Output exactly those lines of the data that lie between the line containing "used 2024 Chevrolet Corvette car" and the final line, both ends counted.

Short text fragments from websites
┌──

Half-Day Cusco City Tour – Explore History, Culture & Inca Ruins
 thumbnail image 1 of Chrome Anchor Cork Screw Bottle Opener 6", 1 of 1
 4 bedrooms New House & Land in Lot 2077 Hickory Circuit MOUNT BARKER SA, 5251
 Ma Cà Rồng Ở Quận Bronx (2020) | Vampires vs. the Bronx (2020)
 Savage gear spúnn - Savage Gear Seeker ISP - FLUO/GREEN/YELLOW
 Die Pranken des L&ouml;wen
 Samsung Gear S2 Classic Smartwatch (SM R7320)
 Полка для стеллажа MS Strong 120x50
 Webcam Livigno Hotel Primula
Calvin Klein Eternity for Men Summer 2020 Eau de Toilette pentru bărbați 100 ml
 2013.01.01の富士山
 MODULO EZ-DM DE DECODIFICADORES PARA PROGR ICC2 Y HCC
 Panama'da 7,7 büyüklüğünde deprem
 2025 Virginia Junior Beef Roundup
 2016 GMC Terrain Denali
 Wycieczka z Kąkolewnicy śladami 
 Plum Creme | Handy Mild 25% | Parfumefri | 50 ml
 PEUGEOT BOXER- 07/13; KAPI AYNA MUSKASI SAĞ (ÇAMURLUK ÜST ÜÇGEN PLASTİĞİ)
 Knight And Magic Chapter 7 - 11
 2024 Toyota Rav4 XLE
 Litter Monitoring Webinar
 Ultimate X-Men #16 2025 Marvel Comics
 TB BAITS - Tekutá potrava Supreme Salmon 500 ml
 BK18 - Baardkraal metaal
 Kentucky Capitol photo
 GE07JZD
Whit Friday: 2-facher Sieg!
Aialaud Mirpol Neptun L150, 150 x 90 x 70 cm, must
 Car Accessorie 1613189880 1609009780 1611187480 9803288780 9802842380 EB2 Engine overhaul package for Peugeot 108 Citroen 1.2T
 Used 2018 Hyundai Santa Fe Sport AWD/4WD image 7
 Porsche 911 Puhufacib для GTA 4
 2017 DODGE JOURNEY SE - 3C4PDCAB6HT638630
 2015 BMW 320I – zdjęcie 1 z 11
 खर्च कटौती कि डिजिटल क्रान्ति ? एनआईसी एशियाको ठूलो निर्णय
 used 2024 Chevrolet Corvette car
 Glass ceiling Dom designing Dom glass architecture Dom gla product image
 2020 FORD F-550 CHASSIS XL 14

└──

SOLUTION FOR THIS PROBLEM:
 used 2024 Chevrolet Corvette car
 Glass ceiling Dom designing Dom glass architecture Dom gla product image
 2020 FORD F-550 CHASSIS XL 14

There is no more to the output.